EXERCISE DESCRIPTION: Two lines below mark the span: the one containing "Used 2024 Chevrolet" and the one containing "FORD Focus 4ª". Set down both, plus every line between, exactly as they stand, and nothing else.

#### INPUT FOR THIS TASK

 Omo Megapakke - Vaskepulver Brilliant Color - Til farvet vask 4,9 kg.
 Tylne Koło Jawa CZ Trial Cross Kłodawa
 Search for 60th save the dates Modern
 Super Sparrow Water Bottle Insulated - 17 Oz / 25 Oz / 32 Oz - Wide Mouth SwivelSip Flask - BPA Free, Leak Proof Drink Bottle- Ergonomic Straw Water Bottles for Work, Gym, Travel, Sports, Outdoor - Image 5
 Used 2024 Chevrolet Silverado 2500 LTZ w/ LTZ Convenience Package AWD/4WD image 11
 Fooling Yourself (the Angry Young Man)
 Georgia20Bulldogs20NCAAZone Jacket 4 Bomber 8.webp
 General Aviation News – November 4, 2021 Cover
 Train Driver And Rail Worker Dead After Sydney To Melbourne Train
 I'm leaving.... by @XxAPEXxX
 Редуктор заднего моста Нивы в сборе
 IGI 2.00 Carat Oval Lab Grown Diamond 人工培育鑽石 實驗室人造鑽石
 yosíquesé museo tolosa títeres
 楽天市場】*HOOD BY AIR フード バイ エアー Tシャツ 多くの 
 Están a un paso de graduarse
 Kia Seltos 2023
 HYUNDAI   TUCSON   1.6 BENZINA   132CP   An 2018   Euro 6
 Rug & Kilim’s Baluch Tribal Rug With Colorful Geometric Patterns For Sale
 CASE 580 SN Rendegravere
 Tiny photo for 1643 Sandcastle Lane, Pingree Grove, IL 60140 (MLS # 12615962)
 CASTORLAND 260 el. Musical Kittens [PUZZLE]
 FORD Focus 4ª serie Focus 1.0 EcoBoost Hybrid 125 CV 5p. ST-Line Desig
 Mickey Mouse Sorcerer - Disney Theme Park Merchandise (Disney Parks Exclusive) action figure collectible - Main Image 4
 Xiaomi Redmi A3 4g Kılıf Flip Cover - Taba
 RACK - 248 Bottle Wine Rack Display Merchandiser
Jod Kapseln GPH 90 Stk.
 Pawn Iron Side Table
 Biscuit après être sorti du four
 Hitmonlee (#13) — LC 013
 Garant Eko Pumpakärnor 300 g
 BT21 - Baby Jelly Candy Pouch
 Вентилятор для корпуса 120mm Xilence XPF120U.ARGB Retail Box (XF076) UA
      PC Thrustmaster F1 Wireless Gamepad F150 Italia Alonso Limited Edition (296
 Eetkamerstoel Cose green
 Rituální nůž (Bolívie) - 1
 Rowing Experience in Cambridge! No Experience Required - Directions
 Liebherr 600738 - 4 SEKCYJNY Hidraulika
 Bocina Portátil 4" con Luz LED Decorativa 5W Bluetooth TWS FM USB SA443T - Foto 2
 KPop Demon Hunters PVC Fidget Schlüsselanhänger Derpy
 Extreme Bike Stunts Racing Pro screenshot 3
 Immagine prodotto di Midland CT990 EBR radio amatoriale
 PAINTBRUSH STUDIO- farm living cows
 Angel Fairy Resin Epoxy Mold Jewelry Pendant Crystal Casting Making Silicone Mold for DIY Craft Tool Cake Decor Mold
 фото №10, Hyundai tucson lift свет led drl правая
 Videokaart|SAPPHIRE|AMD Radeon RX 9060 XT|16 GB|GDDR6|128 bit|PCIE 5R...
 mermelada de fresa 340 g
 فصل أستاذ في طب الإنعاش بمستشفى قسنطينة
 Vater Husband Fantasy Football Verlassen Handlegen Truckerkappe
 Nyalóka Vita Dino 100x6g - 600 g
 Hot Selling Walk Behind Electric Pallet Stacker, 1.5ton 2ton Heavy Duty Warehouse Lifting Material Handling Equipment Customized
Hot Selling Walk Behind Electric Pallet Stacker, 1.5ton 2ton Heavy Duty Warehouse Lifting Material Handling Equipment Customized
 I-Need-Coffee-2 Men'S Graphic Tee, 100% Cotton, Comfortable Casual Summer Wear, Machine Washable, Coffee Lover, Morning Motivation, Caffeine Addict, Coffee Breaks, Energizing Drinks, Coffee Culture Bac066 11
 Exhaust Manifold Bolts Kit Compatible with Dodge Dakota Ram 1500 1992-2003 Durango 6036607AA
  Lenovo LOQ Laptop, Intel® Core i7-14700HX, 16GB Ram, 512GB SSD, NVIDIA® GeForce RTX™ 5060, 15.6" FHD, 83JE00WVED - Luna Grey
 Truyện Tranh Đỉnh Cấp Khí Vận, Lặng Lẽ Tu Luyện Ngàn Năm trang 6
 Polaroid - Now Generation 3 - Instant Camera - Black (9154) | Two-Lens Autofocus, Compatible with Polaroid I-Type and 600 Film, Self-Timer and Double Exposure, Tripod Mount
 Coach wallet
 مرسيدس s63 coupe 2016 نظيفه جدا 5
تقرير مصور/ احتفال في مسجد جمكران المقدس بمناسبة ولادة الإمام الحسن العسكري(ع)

########

RESULT:
 Used 2024 Chevrolet Silverado 2500 LTZ w/ LTZ Convenience Package AWD/4WD image 11
 Fooling Yourself (the Angry Young Man)
 Georgia20Bulldogs20NCAAZone Jacket 4 Bomber 8.webp
 General Aviation News – November 4, 2021 Cover
 Train Driver And Rail Worker Dead After Sydney To Melbourne Train
 I'm leaving.... by @XxAPEXxX
 Редуктор заднего моста Нивы в сборе
 IGI 2.00 Carat Oval Lab Grown Diamond 人工培育鑽石 實驗室人造鑽石
 yosíquesé museo tolosa títeres
 楽天市場】*HOOD BY AIR フード バイ エアー Tシャツ 多くの 
 Están a un paso de graduarse
 Kia Seltos 2023
 HYUNDAI   TUCSON   1.6 BENZINA   132CP   An 2018   Euro 6
 Rug & Kilim’s Baluch Tribal Rug With Colorful Geometric Patterns For Sale
 CASE 580 SN Rendegravere
 Tiny photo for 1643 Sandcastle Lane, Pingree Grove, IL 60140 (MLS # 12615962)
 CASTORLAND 260 el. Musical Kittens [PUZZLE]
 FORD Focus 4ª serie Focus 1.0 EcoBoost Hybrid 125 CV 5p. ST-Line Desig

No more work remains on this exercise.